# ACTION ITEM
Write the data out again exactly, with every picture removed.

INPUT RECORDS section start

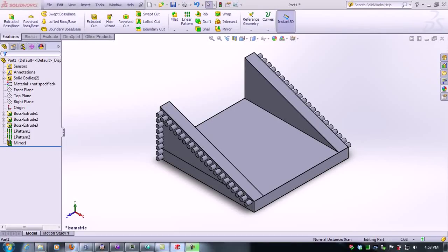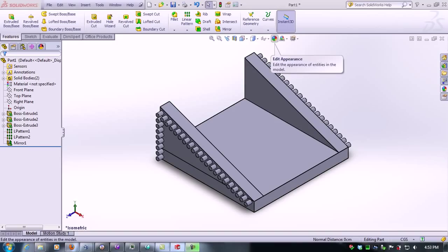In this video tutorial we're going to cover how to add color to a 3D figure in Solidworks. To do this we need to click edit appearance.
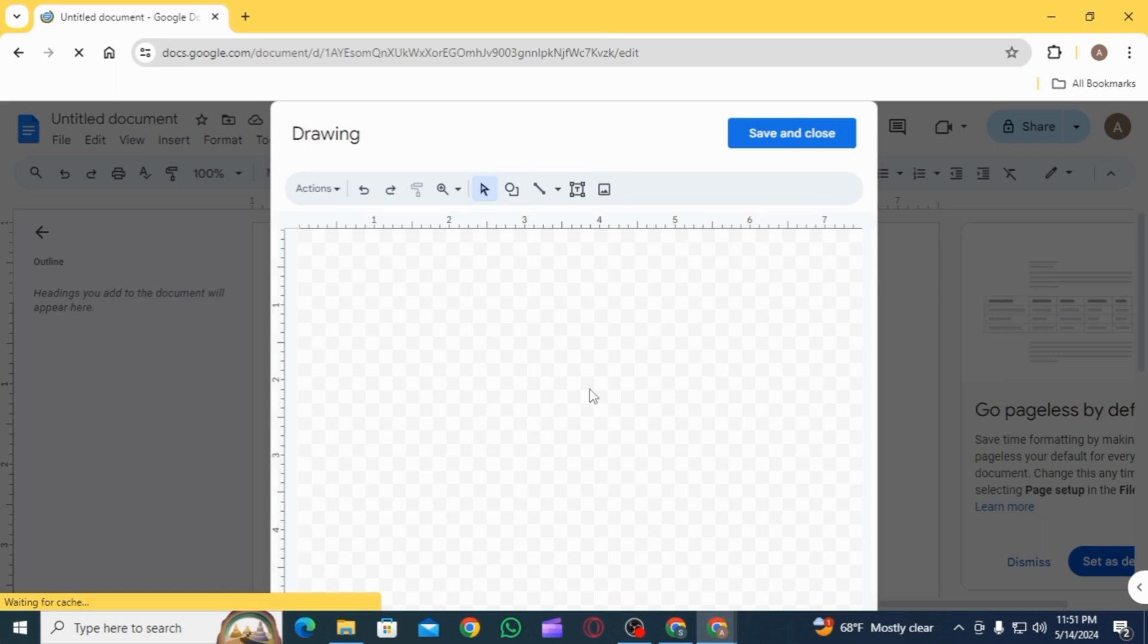And this is how you can make a flyer on Google Docs. That's it for this video. If you found it helpful, please make sure to hit the like button and subscribe for more videos like this.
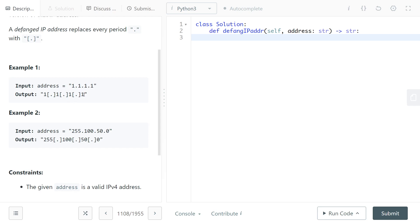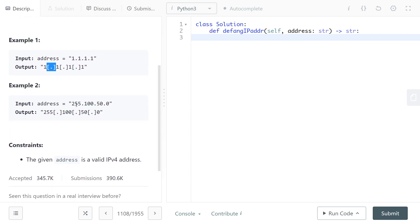So here we have the address 1.1.1.1, and what we would do is replace each period with an open square bracket, a period, and a close square bracket. Similarly, for 255.100.50.0, in between each number we have '[.]'.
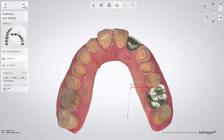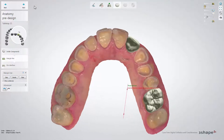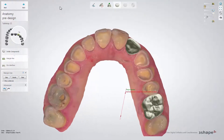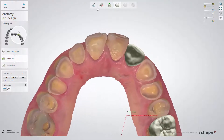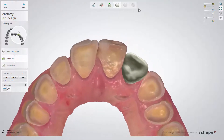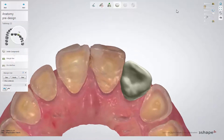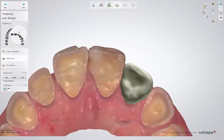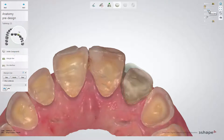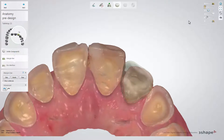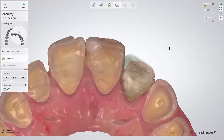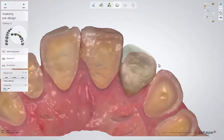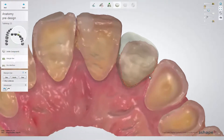Now, in the margin line sub-step, the margin line is automatically placed at the intersection between the anatomy design and the non-prepared tooth. You can adjust the outline of the design to improve its shape and fitting.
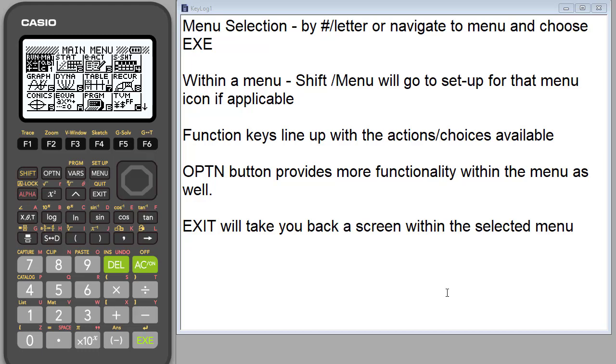Hello. Today we are looking at the FX 9750 G3 graphing calculator and we're going to explore an overview of the run matrix menu.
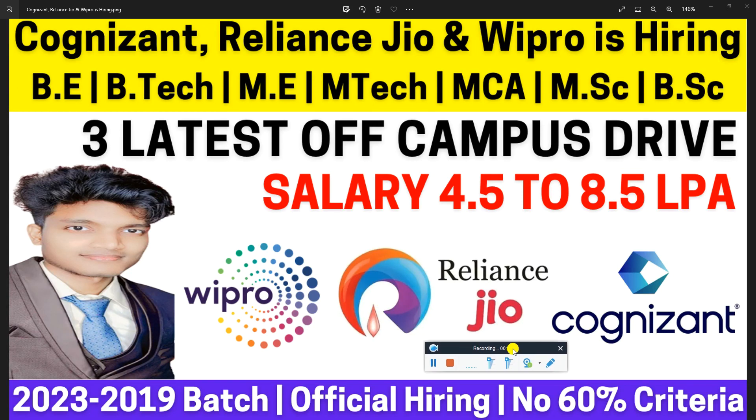Hello everyone and welcome back to my YouTube channel, Pappo Career Guide, a complete guide for all your career needs. Today we will talk about Cognizant, Reliance Jio, and Wipro hiring for the freshers batch.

INPUT RECORDS section end

# ANSWER BELOW
In this video tutorial we're going to cover how to add color to a 3D figure in Solidworks. To do this we need to click edit appearance.
And this is how you can make a flyer on Google Docs. That's it for this video. If you found it helpful, please make sure to hit the like button and subscribe for more videos like this.
So here we have the address 1.1.1.1, and what we would do is replace each period with an open square bracket, a period, and a close square bracket. Similarly, for 255.100.50.0, in between each number we have '[.]'.
Now, in the margin line sub-step, the margin line is automatically placed at the intersection between the anatomy design and the non-prepared tooth. You can adjust the outline of the design to improve its shape and fitting.
Hello. Today we are looking at the FX 9750 G3 graphing calculator and we're going to explore an overview of the run matrix menu.
Hello everyone and welcome back to my YouTube channel, Pappo Career Guide, a complete guide for all your career needs. Today we will talk about Cognizant, Reliance Jio, and Wipro hiring for the freshers batch.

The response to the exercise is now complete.